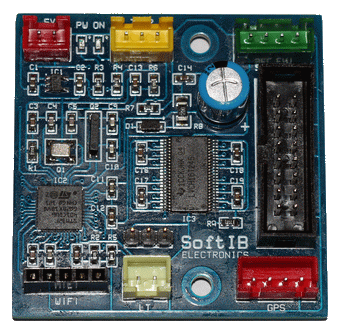 SoftIB ThermoClock HUB75 kontrolieris ar WiFi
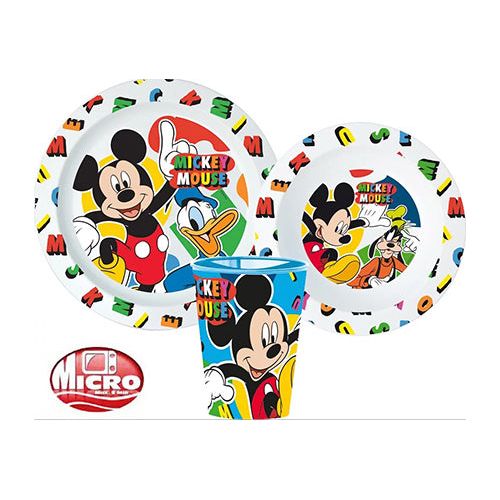 Disney 3-delt spisesæt (Mickey, Fedtmule & Anders And)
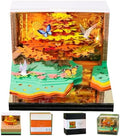 2027 3D Paper Carving Desk Calendar With LED Light by Divtada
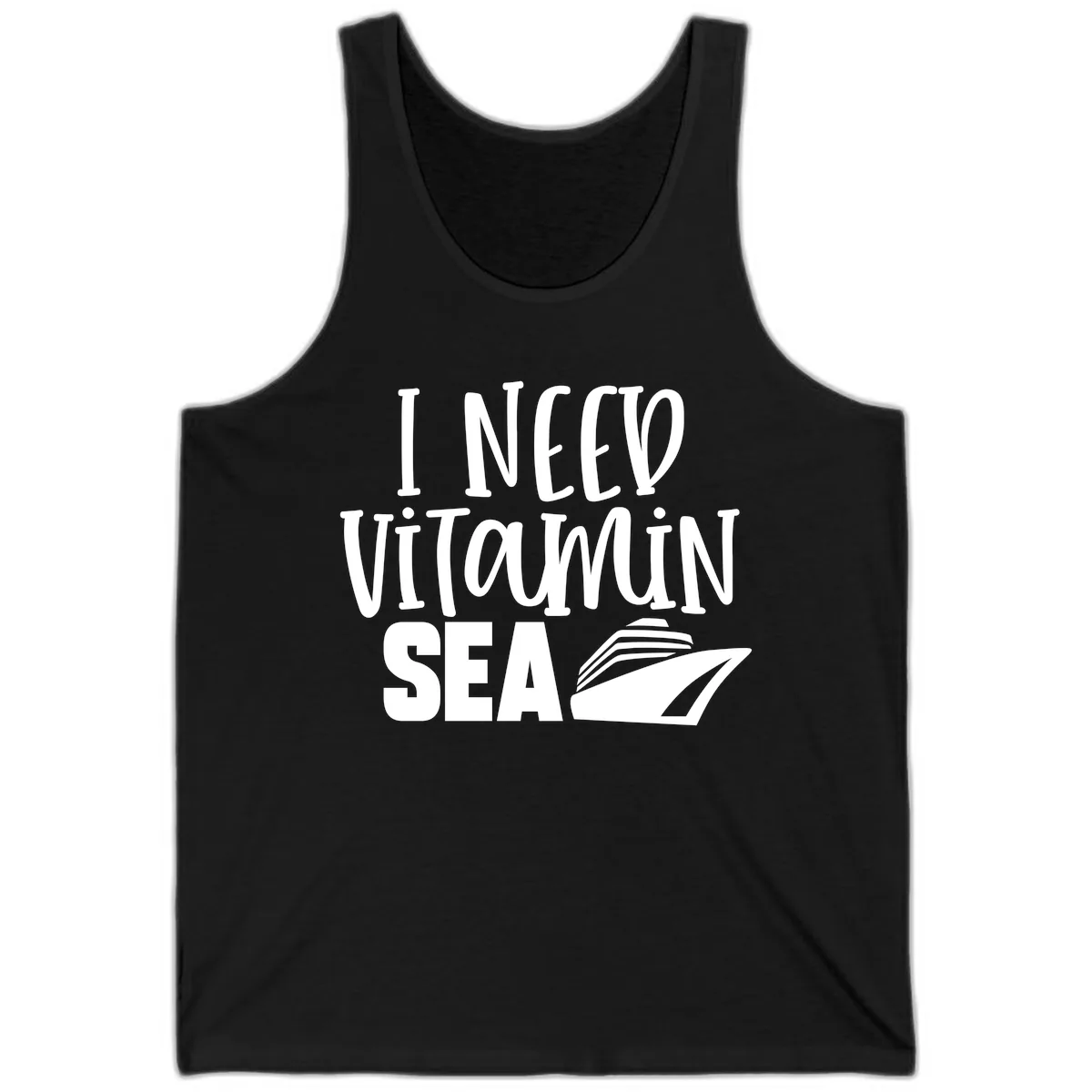 I Need Vitamin Sea Tank in Black
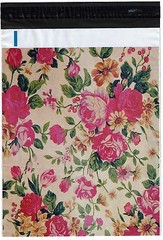 100 10×13 Roses Designer Poly Mailers Envelopes Boutique Custom Bags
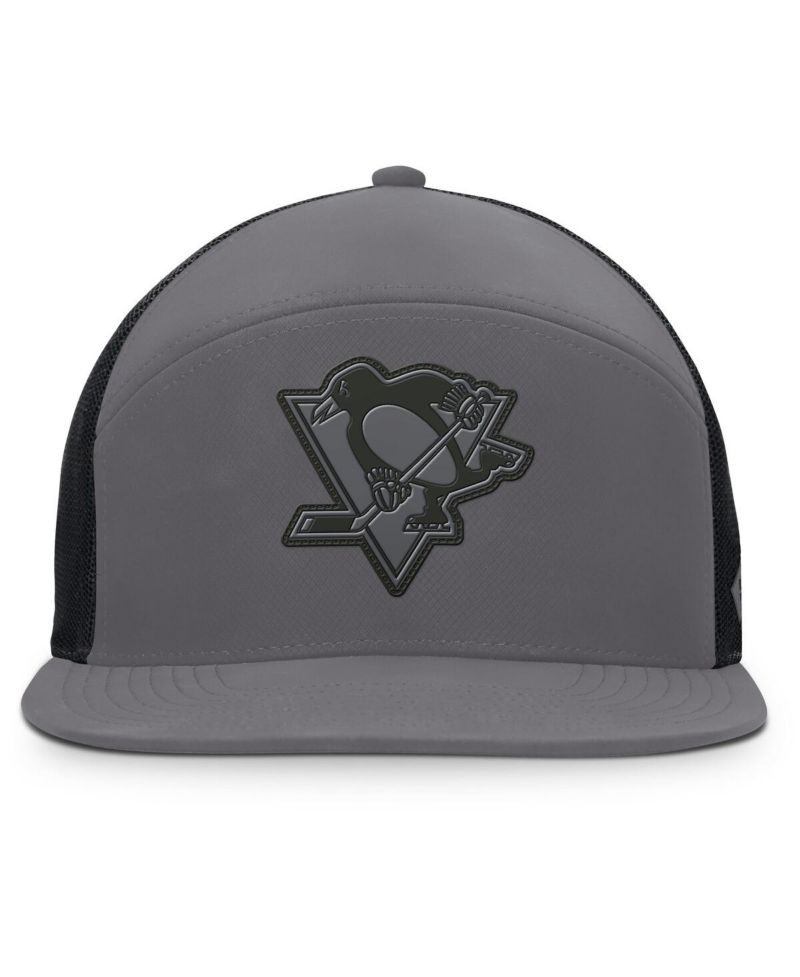 Men's Charcoal Pittsburgh Penguins Fairweather Adjustable Hat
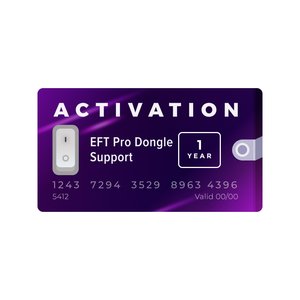 Activación de soporte por 1 año para EFT Pro Dongle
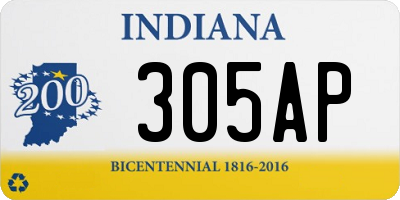 IN license plate 305AP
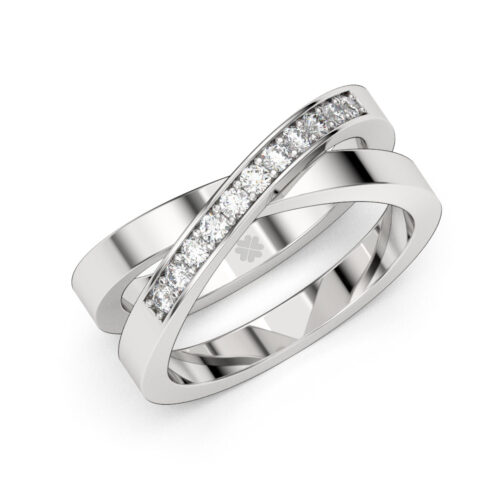 Anillo de Compromiso Cintillo Sirus Oro Blanco 18kt Anillo de Compromiso Cintillo Sirus Platino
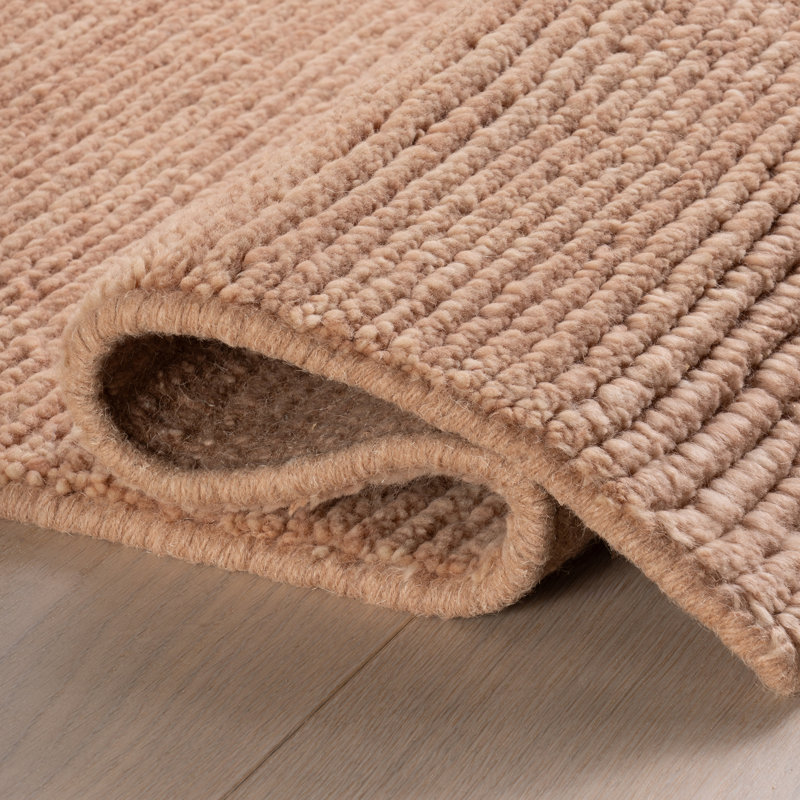 Ramsey Rose Quartz Hand Knotted Wool Rug, Rectangle 9'6" x 13'6"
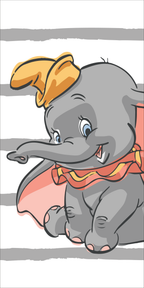 Disney Dumbo Duschtuch Strandtuch Badetuch  70 x 140 cm Baumwolle Motiv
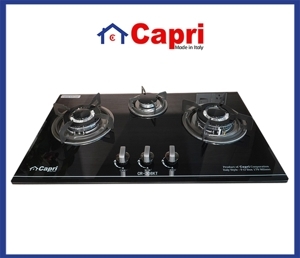 Bếp gas âm kính 3 lò Capri CR-308KT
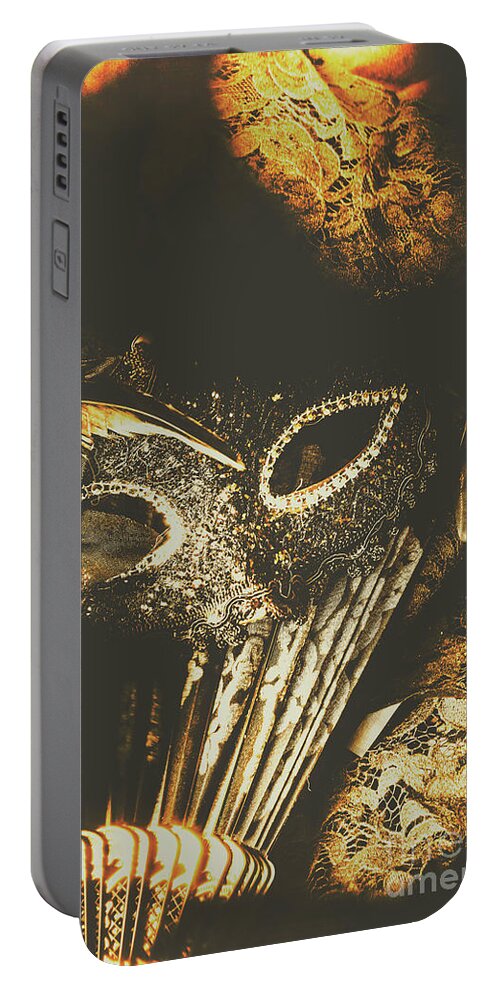 Fantasy Portable Battery Charger featuring the photograph Mysterious disguise by Jorgo Photography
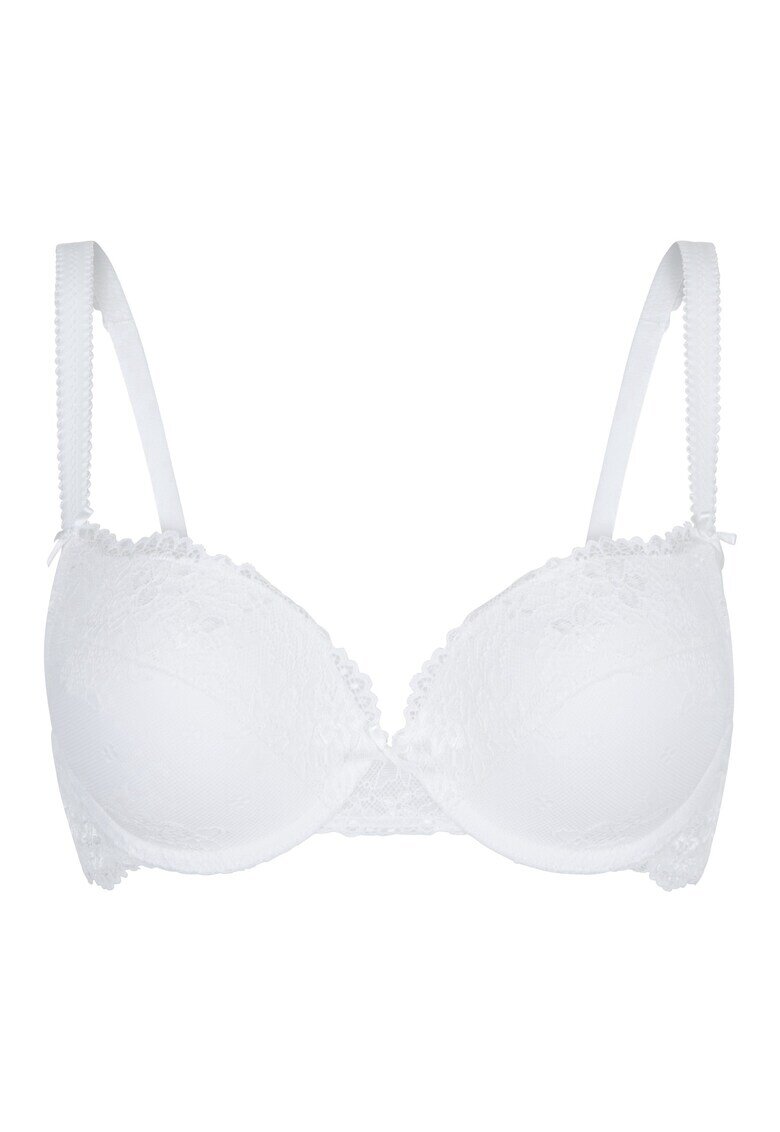 LingaDore Sutien push-up cu dantela Daily - Alb murdar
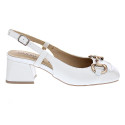 Sandalias Carmela zapatos Mujer modelo 161443 Blanco 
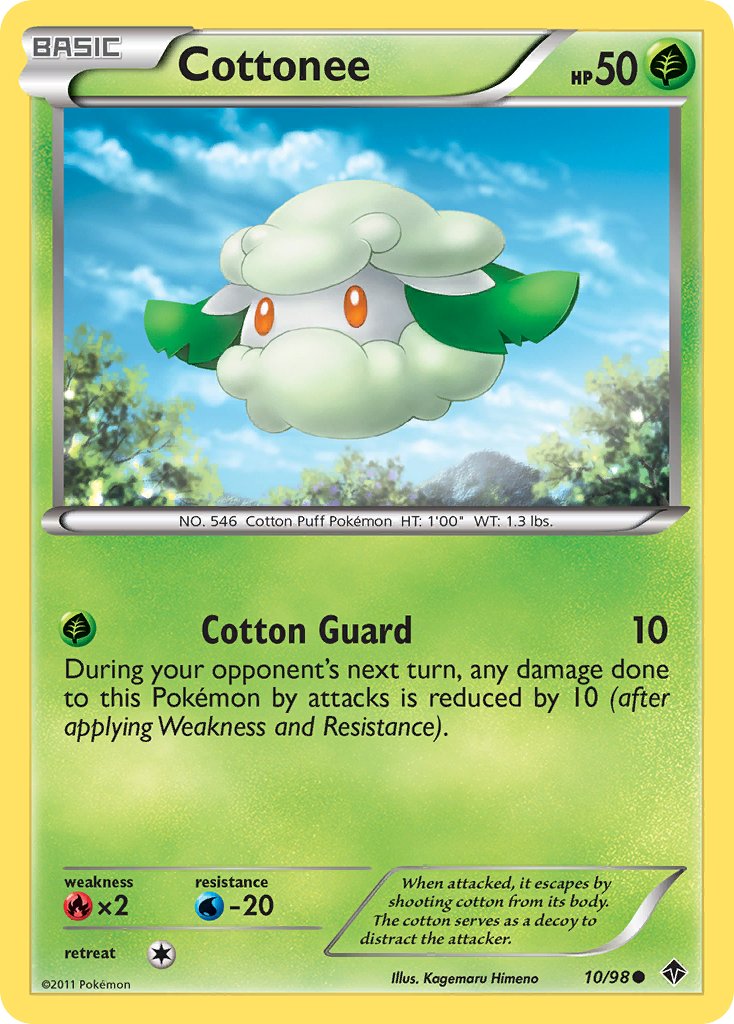 Cottonee (10/98) [Black & White: Emerging Powers] - Dark Crystal Cards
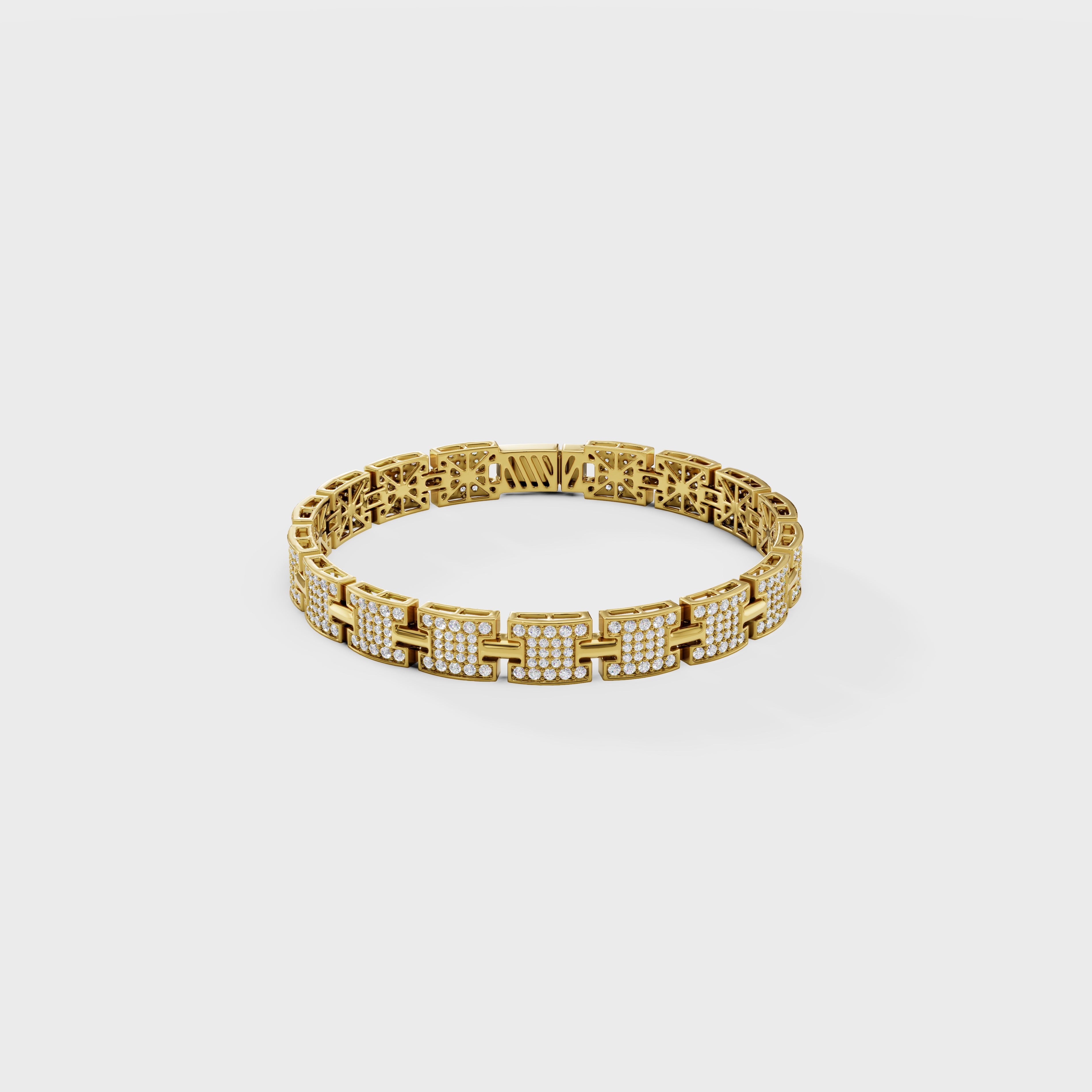 Aura Pave Link Bracelet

• • • •

From the listing above, print every entry precisely and drop the pictures.

 SoftIB ThermoClock HUB75 kontrolieris ar WiFi
 Disney 3-delt spisesæt (Mickey, Fedtmule & Anders And)
 2027 3D Paper Carving Desk Calendar With LED Light by Divtada
 I Need Vitamin Sea Tank in Black
 100 10×13 Roses Designer Poly Mailers Envelopes Boutique Custom Bags
 Men's Charcoal Pittsburgh Penguins Fairweather Adjustable Hat
 Activación de soporte por 1 año para EFT Pro Dongle
 IN license plate 305AP
 Anillo de Compromiso Cintillo Sirus Oro Blanco 18kt Anillo de Compromiso Cintillo Sirus Platino
 Ramsey Rose Quartz Hand Knotted Wool Rug, Rectangle 9'6" x 13'6"
 Disney Dumbo Duschtuch Strandtuch Badetuch  70 x 140 cm Baumwolle Motiv
 Bếp gas âm kính 3 lò Capri CR-308KT
 Fantasy Portable Battery Charger featuring the photograph Mysterious disguise by Jorgo Photography
 LingaDore Sutien push-up cu dantela Daily - Alb murdar
 Sandalias Carmela zapatos Mujer modelo 161443 Blanco 
 Cottonee (10/98) [Black & White: Emerging Powers] - Dark Crystal Cards
 Aura Pave Link Bracelet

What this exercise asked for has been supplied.